Ad esse si stanno aggiungendo numerose ordinanze di presidenti di regioni che disciplinano in materia ulteriore lo svolgimento delle attività sportive e all’aria aperta consentite.

Con la ripresa dell’attività sportiva regolamentata riprenderanno anche i bisogni di acquisto di merce dedicata allo svolgimento della medesima nelle sue varie tipologie.

Per quanto di nostro interesse poniamo la vostra attenzione sul mondo delle attrezzature e delle esche per lo svolgimento della pesca sportiva.

👉👉Riteniamo che la data annunciata del 18 maggio per la ripresa delle attività di commercio al dettaglio dovrebbe essere anticipata al 4 maggio.

Attraverso l’utilizzo delle mascherine e degli altri strumenti di sicurezza, le regole del distanziamento sociale e dell’ingresso contingentato nei negozi di pesca, dove i pescatori si riforniscono di esche e di attrezzature, può essere garantita sia la sicurezza del personale addetto, sia la sicurezza dei clienti.

I numeri del settore della pesca sportiva come vi abbiamo già segnalato sono molto importanti ed il settore è allo stremo.

Nel nostro paese, infatti, i pescatori sportivi e ricreativi sono circa 2,5 milioni.
Sono presenti, inoltre, circa 1500 punti vendita specializzati nella pesca sportiva e ricreativa e 1000 punti vendita generici che trattano anche articoli per la pesca sportiva, con una manodopera impegnata nella produzione, nell’importazione e nella distribuzione all’ingrosso, nonché nel commercio al dettaglio e nei servizi in genere, di oltre 15.000 unità.

A questi si aggiungono i dati della nautica da diporto (fino a 9 mt): ogni anno in Italia il 30% delle imbarcazioni è venduto per la pratica della pesca sportiva, così come il 50% delle strumentazioni elettroniche.

Al giro d’affari del settore, per un volume di circa 400 milioni di euro (solo accessori), deve essere aggiunto il giro di affari dell’indotto che è stimabile in circa 2,8/3 miliardi di euro e comprende le spese sostenute da ogni pescatore per spostamenti, pasti, pernottamenti, barche, motori, carburanti, permessi, manutenzioni, etc.

Tutto questo mondo è in crisi e rischia di morire sotto gli effetti dell’attuale situazione di emergenza.

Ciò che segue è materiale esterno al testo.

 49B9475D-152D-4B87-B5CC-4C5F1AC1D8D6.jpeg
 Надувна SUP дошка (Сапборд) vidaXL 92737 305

Riteniamo che non si possa penalizzare ulteriormente un settore sportivo come questo, ma anche economico, che coinvolge milioni di persone nel nostro paese e che muove un indotto così rilevante.

Per tutto quanto detto sopra la FIOPS chiede che le attività di produzione e vendita di articoli ed essa destinati riaprano dal 4 di maggio.

La Fiops rimane a disposizione delle istituzioni per qualsiasi ulteriore supporto di carattere tecnico che si renda utile nell’affrontare l’attuale situazione.